We can use this in combination with WinRM or other management tools to automate updating statically set DNS server throughout the environment. Below is a WinRM example.

Invoke-Command -ComputerName "srv-lab1","srv-lab2","srv-lab3" -Credential $AdminCred -ScriptBlock ${Function:Update-DNSServers} -ArgumentList "",""

While this example shows a list of computer names for simplicity, typically this would be pulled from AD or a CSV from an asset register and then piped into Invoke-Command.

Let’s see this is action. Here we’ve got a server with two statically configured DNS servers, and We want to replace with and set the new server as the preferred. To do this we’re going to append a third argument that ($true) to set the SetAsPreferred flag.

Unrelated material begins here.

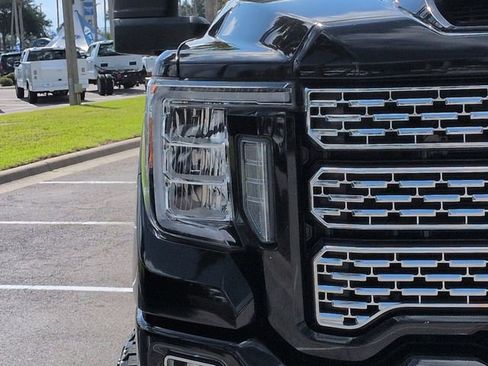 Used 2020 GMC Sierra 2500 Denali w/ Denali Ultimate Package AWD/4WD image 10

"srv-lab1" | % {Invoke-Command -ComputerName $_ -Credential $AdminCred -ScriptBlock ${Function:Update-DNSServers} ` -ArgumentList "","",$true}

Updating DNS servers with PowerShell

Detecting unknown devices that are using the old DNS server

Enabling DNS Logging via the GUI

Not everything on our network is going to be running Windows and we need a way to find these devices that are still pointing DNS to our soon to be decommissioned server.

We’re going to do this by enabling DNS Debug Logging and parsing the log file. Debug logging can be enabled via the GUI in the DNS Server properties using the following settings:

DNS Debug Logging

One thing to note that may not be immediately obvious is that I’ve removed two zeros from the default max size. The default size is 500MB, and our new size is 5MB.

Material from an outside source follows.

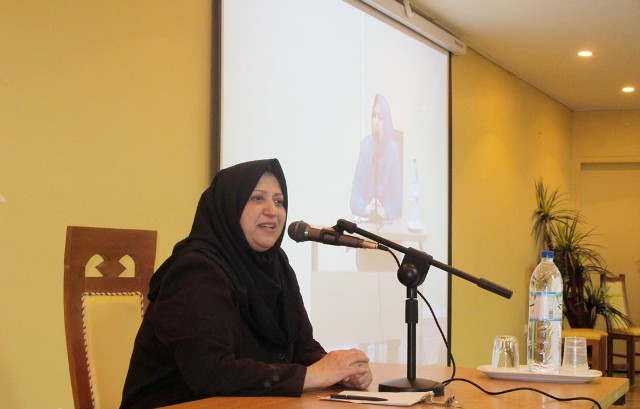 والدين از افراط و تفريط در تربيت فرزندان پرهيز كنند والدين از افراط و تفريط در تربيت فرزندان پرهيز كنند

Enabling DNS Logging with PowerShell

DNS logging can also be enabled with PowerShell

Set-DnsServerDiagnostics -Queries $true -QuestionTransactions $true -ReceivePackets $true -UdpPackets $true -TcpPackets $true -EnableLoggingToFile $true -MaxMBFileSize 5000000 -LogFilePath C:\Windows\Temp\dns.log

Notice the -MaxMBFileSize argument, the value we need to supply is actually in bytes (same as the GUI), not megabytes as the name may suggest.

Parsing the DNS log with PowerShell

The log format isn’t particularly friendly for parsing, but all we need to do is extract client IP addresses.

Windows DNS Log

We do the IP address extraction with a bit of PowerShell and regex.

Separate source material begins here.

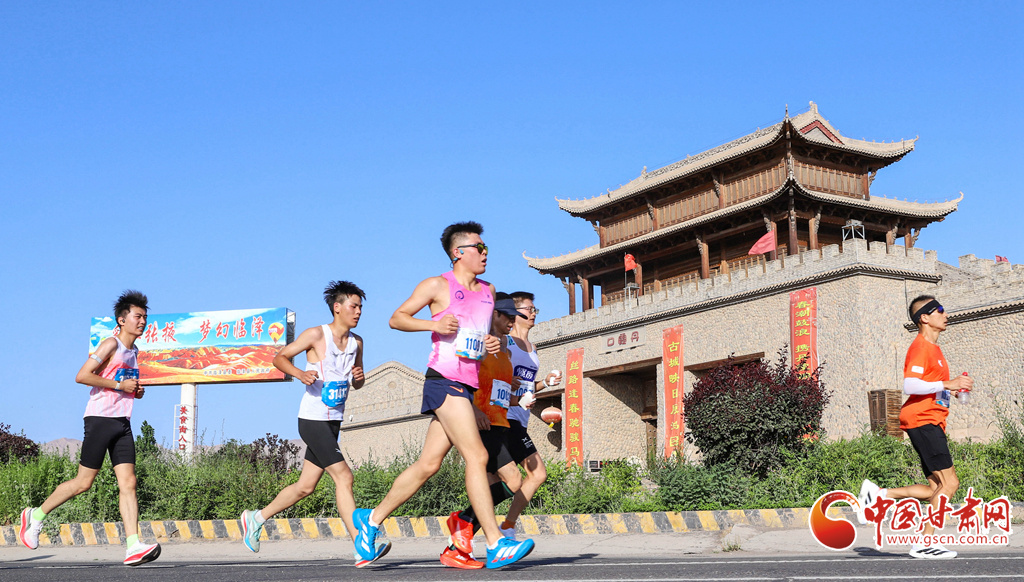参加2026临泽马拉松赛的跑者,在奔跑中观赏临泽县丹霞口文旅小镇的美丽风光。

(Get-Content C:\Windows\Temp\dns.log | Select-String '(\d{1,3})(\.\d{1,3}){3}' -AllMatches | Select-String -NotMatch "NOERROR\] SOA|NOERROR\] TKEY" | Select -ExpandProperty Matches).Value | Select -Unique

The output will be a list of unique IP addresses which are still querying the DNS server.

Parsing Windows DNS Log

I normally leave logging on for a day at a time, make changes to whatever devices are detected, then flush the log file and check it again in a day or so.

Disabling DNS logging

Should we need to turn off logging, we can uncheck all tick boxes in the GUI, or we can use PowerShell.

Set-DnsServerDiagnostics -All $false

That’s it for this one, I hope with these tips you’ll never again miss a device and need to deal with the inevitable customer call when things stop working.